With Kuwait one of just four nations holding up the adoption of the findings of an apocalyptic climate change report at the recent COP24 conference in Katowice, the latest news to emerge from the small but oil rich Gulf state will come as little surprise to opponents of fossil fuel exploitation.
The Zawya.com Middle East news website yesterday carried a report taken from Kuwait’s Al-Anba daily newspaper that said the state-owned Kuwait Oil Company was finalizing consultation on a plan to use solar power to aid oil production at the “giant” Ritqa oilfield.
According to the report, and without any hint of irony, the oil company is ready to turn to solar to keep down the energy costs of expanding oil extraction, as part of the state’s plan to ramp up its production of the fossil fuel.

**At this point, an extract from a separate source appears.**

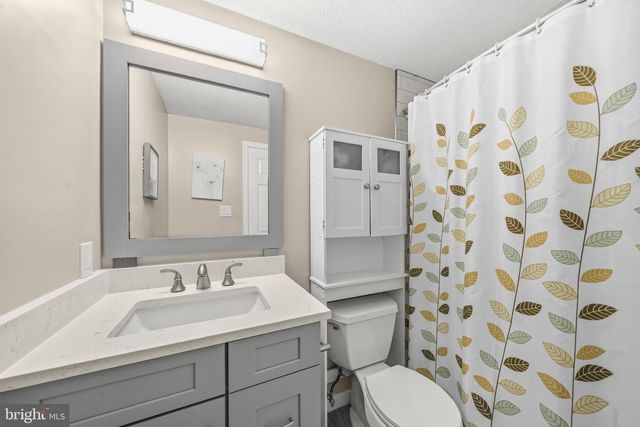 6908 COURAGEOUS CIR, Burke, VA 22015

During an experimental first phase, solar power would provide “most of the power required in a sustainable manner” as the oil company aims to extract 60,000 barrels per day of high viscosity oil from the field by the end of the year, according to Al-Anba.
Kuwait blocked IPCC report adoption
The company would eventually aim to extract 350,000 barrels per day “through enhanced oil extraction techniques including the injection of steam in the ground to heat heavy oil”. According to the report, “solar steam generation stands out as a promising technical opportunity to reduce those costs to a minimum”.
Plans for the Ritqa field are part of a reported aim of the Kuwaiti government to extract some 4 million barrels per day of oil by 2020, according to “sources” quoted by the newspaper.
Kuwait stood shoulder to shoulder with neighbor Saudi Arabia and former Cold War enemies the U.S. and Russia at last month’s climate change meeting in Poland, successfully blocking calls from the rest of the world to formally take note of the findings of an IPCC report commissioned by the UN which predicted there are only 12 years, at most, to prevent irreversible climate change. A central plank of efforts to combat climate change is an accelerated energy transition which would leave fossil fuels in the ground.